Ok, here is the problem. Defendant arrested. Law enforcement for various reasons can't interview him that night. Defendant is magistrated that morning (15.17 hearing) and fills out a request for ct. appointed counsel.
Police detective contacts jail and is told thad defendant did not have counsel so he interviewed the defendant, on video, where he was marandized waived and confessed.
Now in the post Rothgery rule - can I use this confession or am I toast?
[This message was edited by sch on 07-29-08 at .]
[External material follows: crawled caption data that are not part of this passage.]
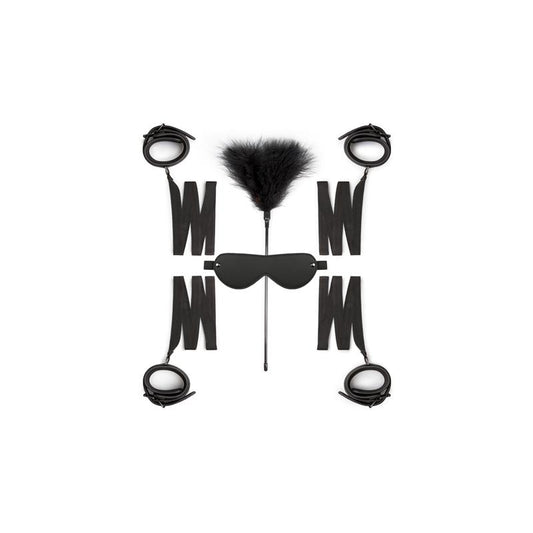 Beginners Bondage - Fntasy Kit - UABDSM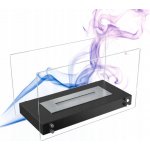 Kratki HOTEL – Zbozi.Blesk.cz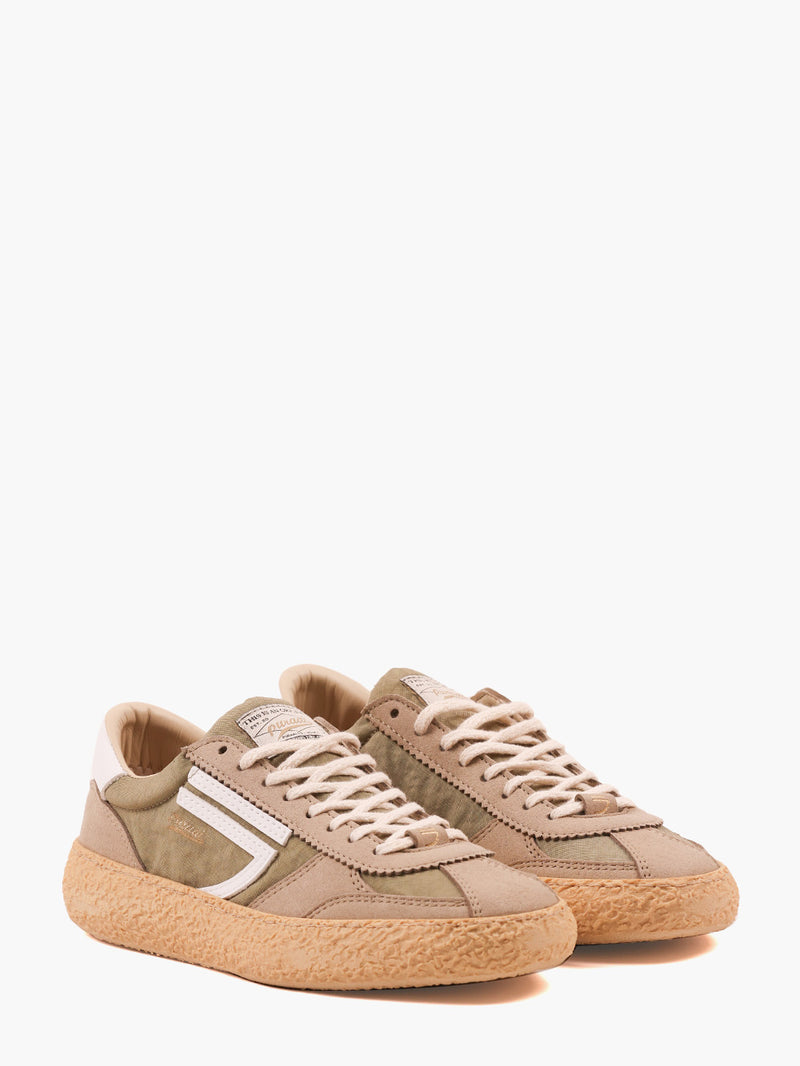 Sneakers 1.01 Vintage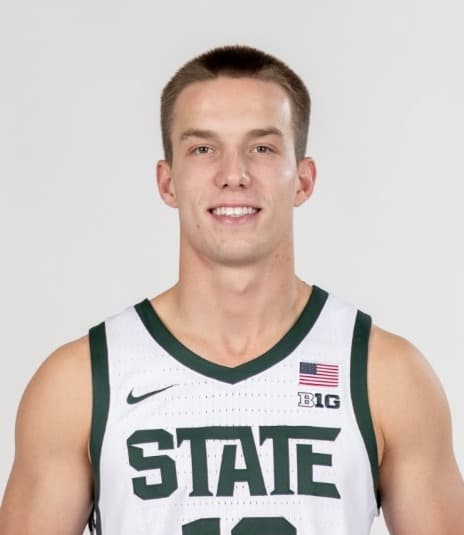 denham_wojcik_2025-2026_16-9.jpg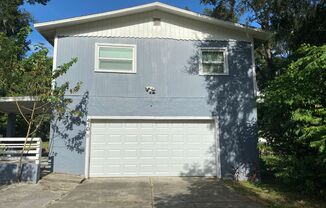 2 beds, 1 bath, $1,350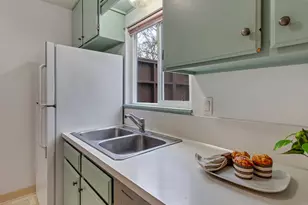 17822 NW Lakeway Ct, Beaverton, OR 97006 - Photo 20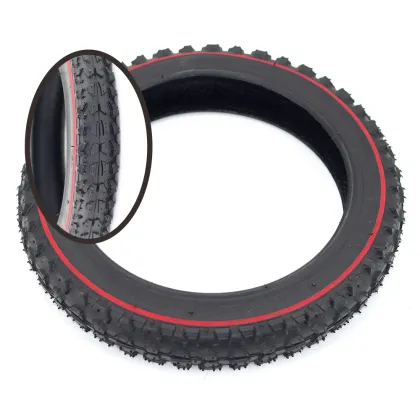 City bike tires 24 mountain bike tires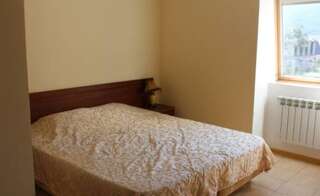 Гостиница Briz Hotel Кабардинка-3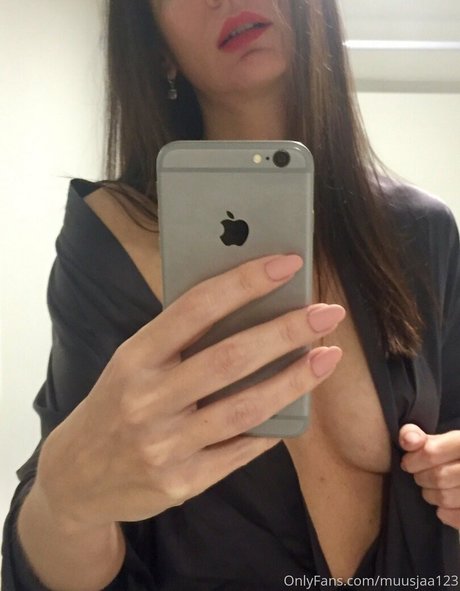 muusjaa123 onlyfans posts
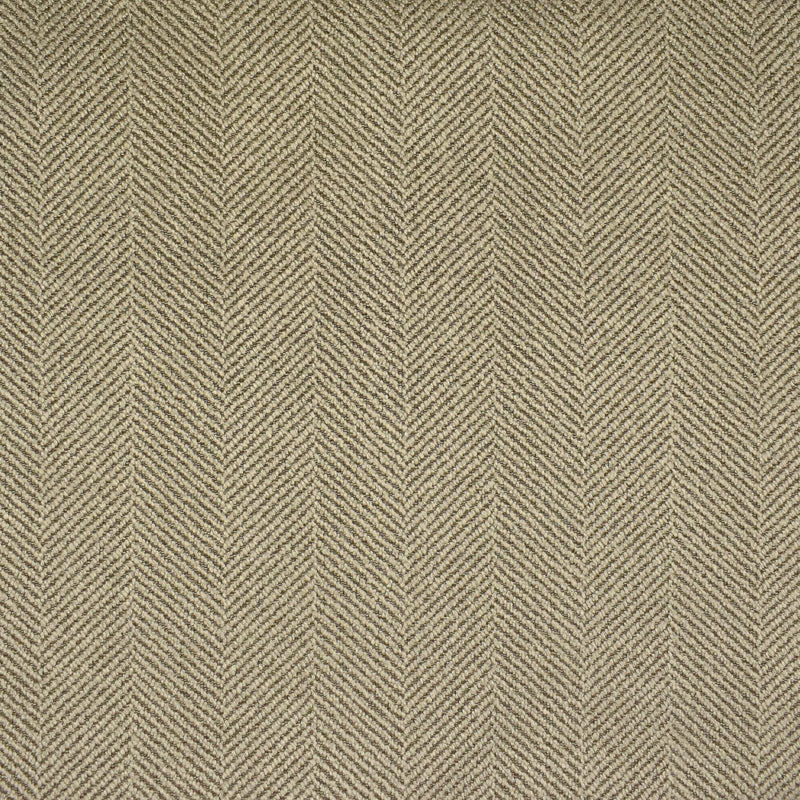 B5637 Flint - Atlanta Fabrics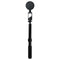 On Air Halo Stick Pro Selfie Stick with Tripod and Ring Light (7329)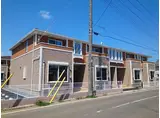 コーネル若月I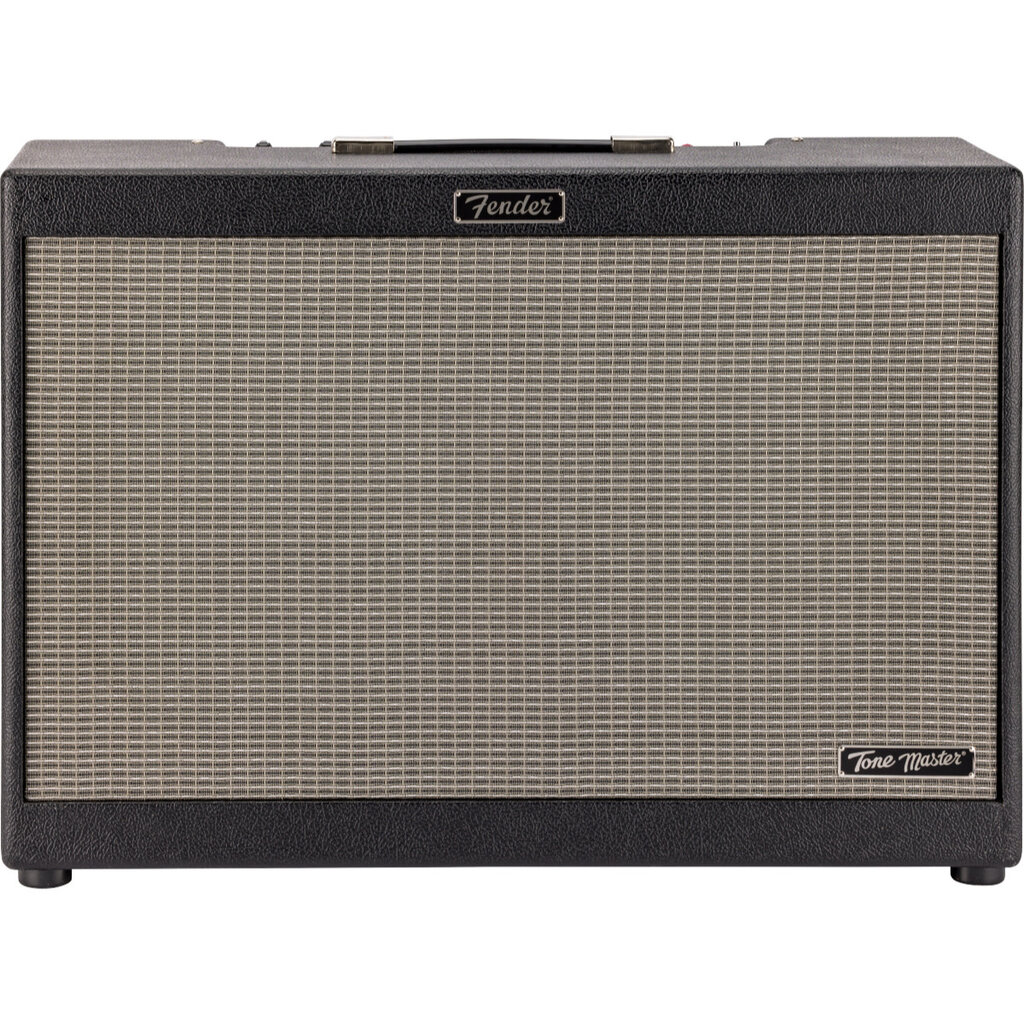Fender Fender Tone Master FR-212 Powered Speaker
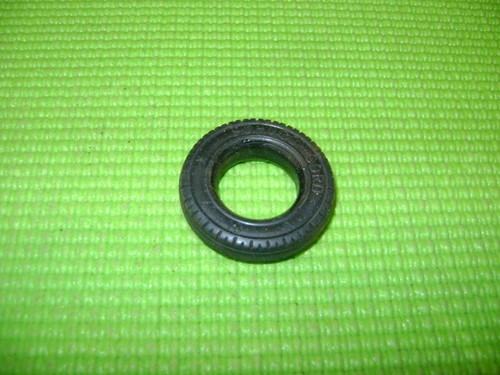 Pneu schuco cord - pneu,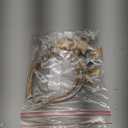 2PCS Glitter Star Headband, Party Star Headband Hair Bands for Birthday Party Holiday Festival Hair Accessories for Women Kids Adults Christmas Decor (1 Count (Pack of 2), Gold)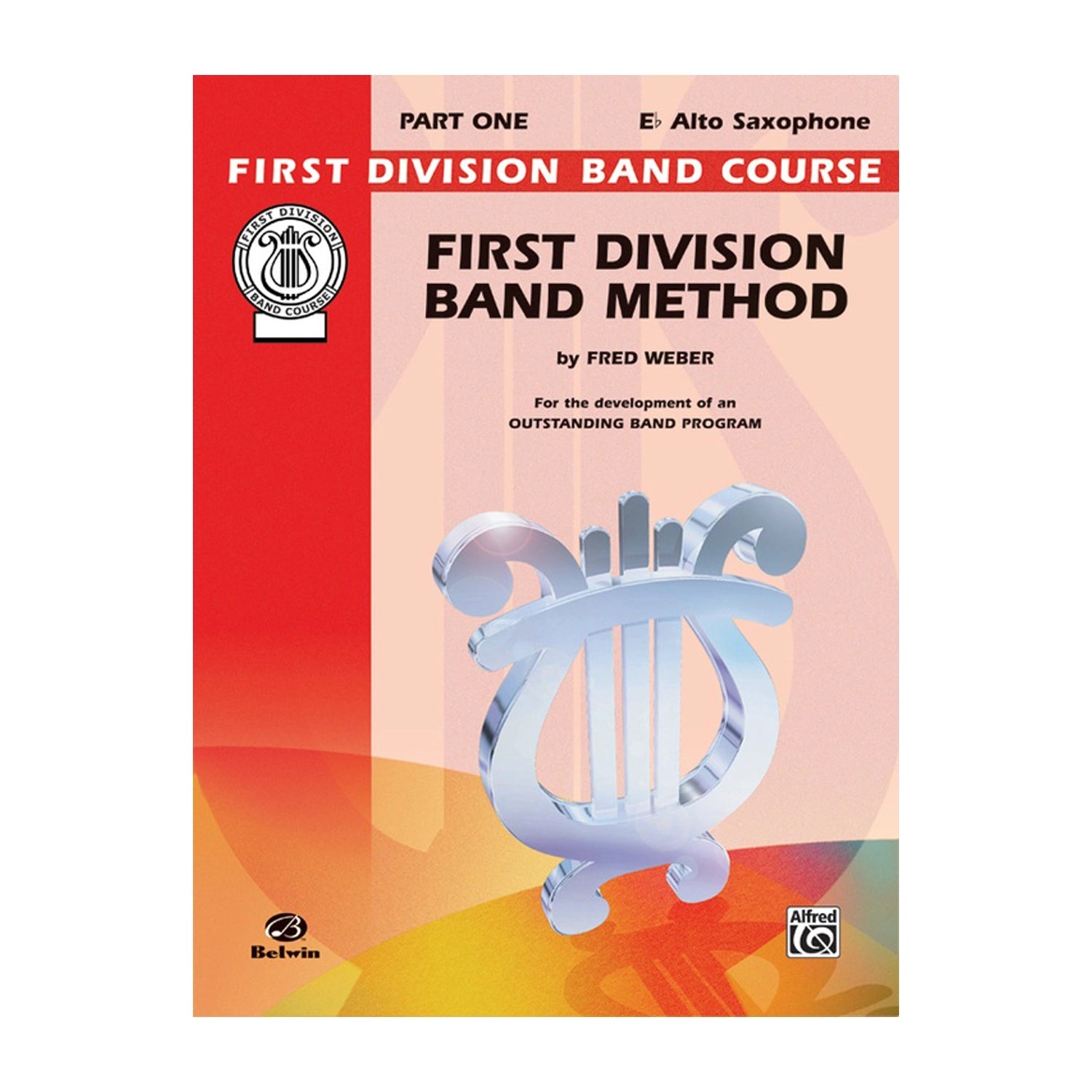 First Division Band Method, Part 1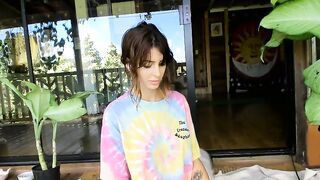 ava____ - [1080 HD Video] Porn Naughty Privat zapisi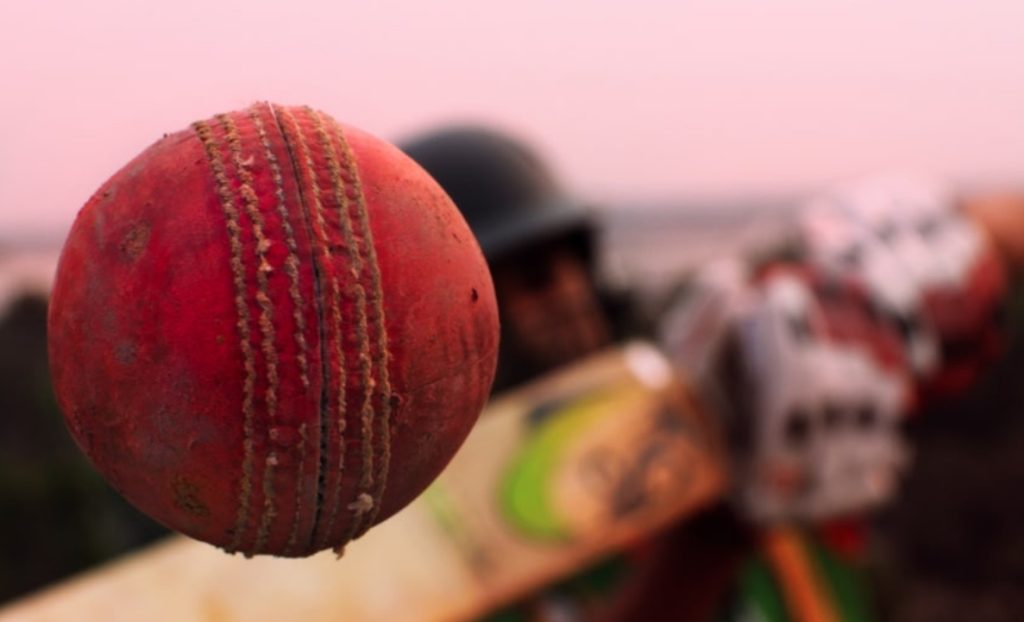 Skyscanner Launches Sportscast Tool for Sports Trip Planning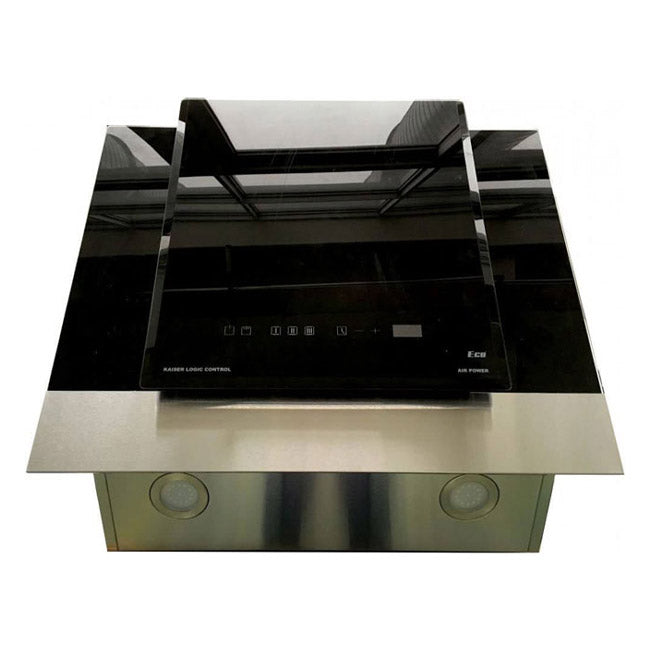 Grand Chef 60cm Eco Cooker Hood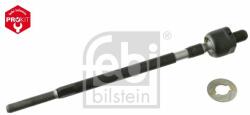 Febi Bilstein Bieleta de directie FEBI BILSTEIN ProKit 15403 (15403)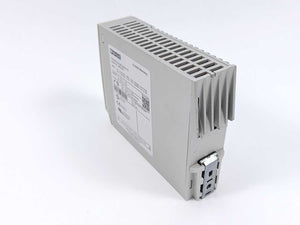 Phoenix Contact 2903154 TRIO-PS-2G/3AC/24DC/10 Power Supply Unit 24V 10A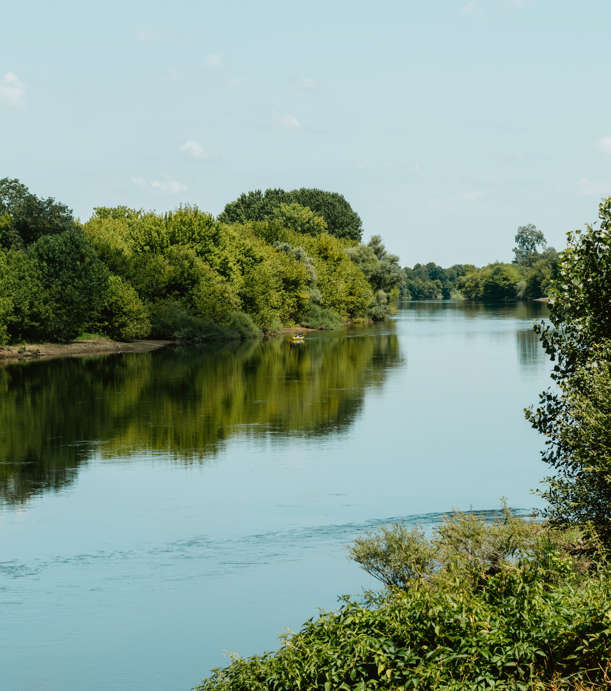 Gestion des Milieux Aquatiques et Prévention des Inondations (GEMAPI)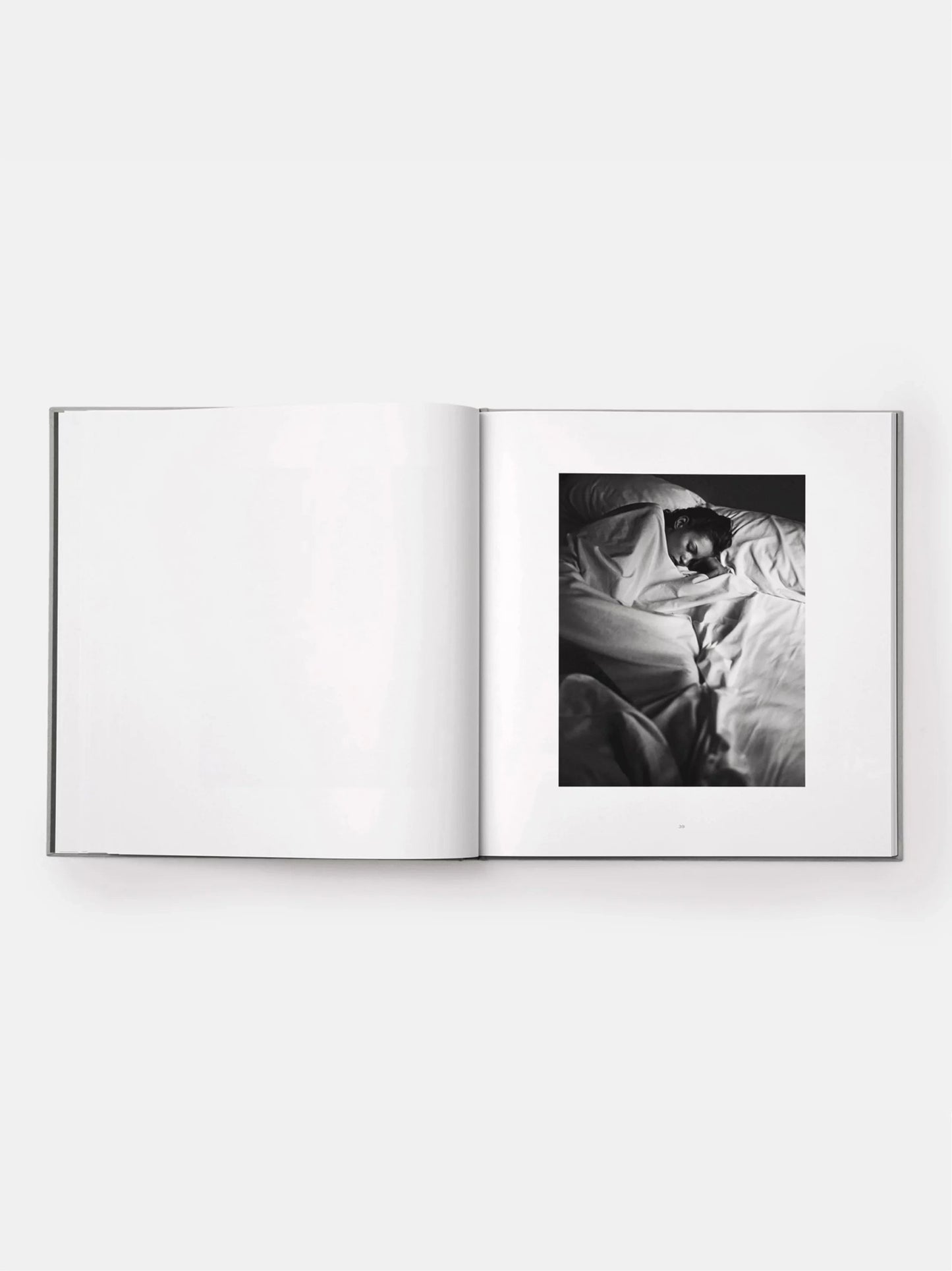 Kate Mario Sorrenti Coffee Table Book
Posts: 128 | Location: TX | Registered: March 05, 2003
If you do find anything saying this was OK because the defendant got a Miranda and the confession wasn't caused by the delay it is probably grounded in the same line of argument the Supreme Court found unconvincing in Rothgery.
The voluntariness of a statement is not affected by a prior request for appointment of counsel. The right to have counsel present during questioning was apparently waived in your situation. I would certainly argue that under Brewer the police remain free to initiate a conversation. Jackson, properly interpreted, did not hold to the contrary. See Judge McCormick's insightful opinion (part II) in the original Cobb opinion. 93 S.W.3d at 10.
There was a case pre-Rothgary that held the waiver of the Sixth Amendment right to counsel in a very similar situation was not valid. Alford v. State, 788 S.W.2d 436. It is, however, only a court of appeals case. After Rothgary, it would seem this opinion has proved prescient. (If I spelled that right.)
Posts: 104 | Location: Texas | Registered: May 12, 2008
Actually, if counsel had not in fact been appointed prior to the interrogation, I think you fall under Patterson v. Illinois, 487 U.S. 285 (1988). There, the right had attached, but no lawyer was in fact appointed yet, so the defendant could waive his 5th and 6th Amendment rights. 6th Amendment right to counsel attached in Texas, even prior to Rothgery, if defendant requested counsel at a 15.17 arraignment. Nehman v. State 721 S.W.2d 319 (Tex. Crim. App. 1986). If the 6th had attached and a lawyer was appointed, defendant could only waive with his counsel. Holloway v. State, 780 S.W.2d 787 (Tex. Crim. App. 1989).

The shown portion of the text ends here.